Der Ankläger — Satan – hofft, Hiob eine solche Falle zu stellen. Satan sagt zu Gott, wenn er die Segnungen, die er Hiob so reich verliehen hat, wegnimmt, „wird er dich auf dein Angesicht verfluchen“ (Hiob 1: 11; 2: 4). Wenn Satan Hiob glauben machen kann, dass er von Gott bestraft wird, kann Hiob in eine von zwei Fallen geraten. Er kann seine rechtschaffenen Gewohnheiten in der falschen Annahme aufgeben, dass sie Gott beleidigen. Oder, noch besser, aus der Sicht des Anklägers wird er bitter über Gott für seine unverdiente Strafe werden und Gott ganz verlassen. So oder so, es wird ein Fluch im Angesicht Gottes sein.

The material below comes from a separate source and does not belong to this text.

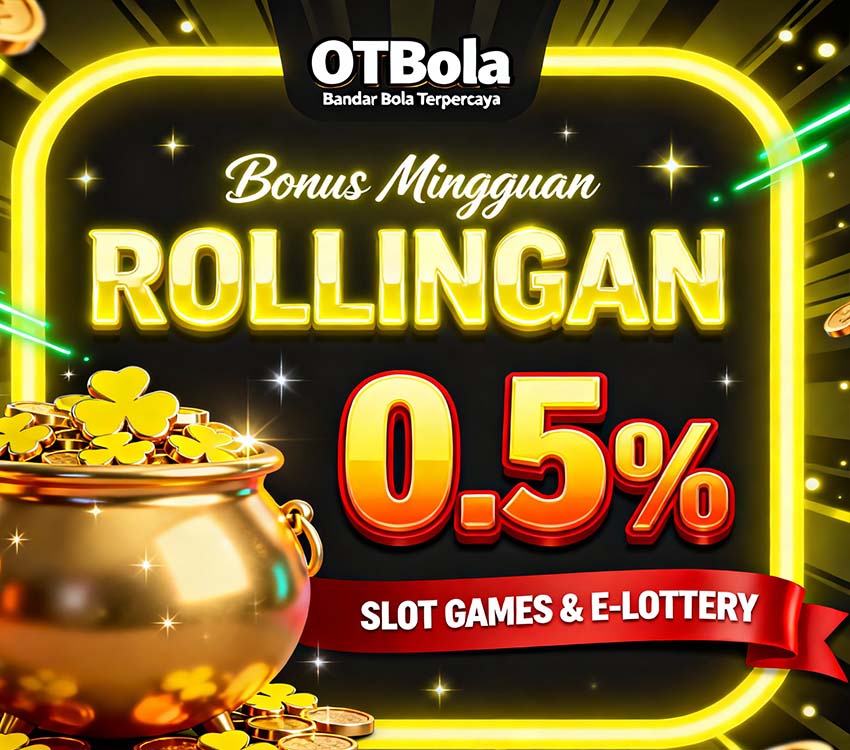 OTBola Slot Online Terpercaya Dengan Bonus Melimpah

Gott lässt Satan fortfahren. Uns wird nicht gesagt, warum. Eines erschütternden Tages wird fast alles, was Hiob schätzt, gestohlen und die Menschen, die er liebt — einschließlich aller seiner Kinder — werden ermordet oder in heftigen Stürmen getötet (Hiob 1: 13-16). Aber Hiob nimmt weder an, dass Gott ihn bestraft, noch wird er bitter über Gottes Behandlung. Stattdessen betet er Gott an (Hiob 1,20). In seinem tiefsten Moment segnet Hiob Gottes Autorität über alle Lebensumstände, gut oder schlecht. „Der Herr hat gegeben, und der Herr hat weggenommen; gepriesen sei der Name des Herrn“(Hiob 1,21).

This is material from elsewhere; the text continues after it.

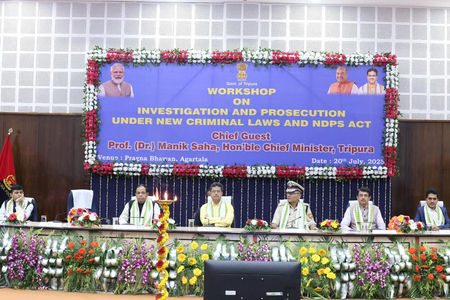 Tripura govt making all-out efforts to implement 3 new ‘people-centric’ criminal laws: CM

Hiobs fein ausbalancierte Haltung ist bemerkenswert. Er versteht seinen früheren Wohlstand zu Recht als Segen Gottes. Er glaubt nicht, dass er jemals Gottes Segen verdient hätte, obwohl er anerkennt, dass er gerecht war (implizit in Hiob 1: 1,5 und explizit in Hiob 6: 24-30, et al.). Weil er weiß, dass er seine früheren Segnungen nicht verdient hat, weiß er, dass er seine gegenwärtigen Leiden nicht unbedingt verdient. Er nimmt seinen Zustand nicht als Maß für Gottes Gunst. Folglich gibt er nicht vor zu wissen, warum Gott ihn zu einer Zeit mit Wohlstand gesegnet hat und nicht zu einer anderen.

Hiob ist eine Rüge für das sogenannte „Wohlstandsevangelium“, das behauptet, dass diejenigen, die in einer richtigen Beziehung zu Gott stehen, immer mit Wohlstand gesegnet sind. Das ist einfach nicht wahr, und Job ist Exponat Nummer eins. Doch Hiob ist auch eine Rüge für das „Armutsevangelium“, das das Gegenteil behauptet, dass eine richtige Beziehung zu Gott ein Leben in Armut impliziert. Die Idee, dass Gläubige absichtlich Hiobs Verlust nachahmen sollten, ist zu weit hergeholt, um selbst am Rande der Diskussion in Hiob zu erscheinen. Gott könnte uns auffordern, alles aufzugeben, wenn dies unter den gegebenen Umständen notwendig wäre, um ihm zu dienen oder ihm zu folgen. Aber das Buch Hiob macht keinen Hinweis darauf, dass Gott von Natur aus wünscht, dass jemand in Armut lebt. Hiobs ursprünglicher Wohlstand war ein wahrer Segen Gottes, und seine extreme Armut ist ein echtes Unglück.

Hiob kann unter Widrigkeiten treu bleiben, weil er Wohlstand genau versteht. Weil er Wohlstand als Segen Gottes erlebt hat, ist er bereit, Widrigkeiten zu erleiden, ohne voreilige Schlüsse zu ziehen. Er weiß, was er nicht weiß, nämlich warum Gott uns mit Wohlstand segnet oder uns Widrigkeiten erleiden lässt. Und er weiß, was er weiß, nämlich dass Gott treu ist, auch wenn Gott uns große Schmerzen und Leiden erleben lässt. Infolgedessen „sündigte Hiob bei alledem nicht und beschuldigte Gott nicht, Unrecht getan zu haben“ (Hiob 1: 22).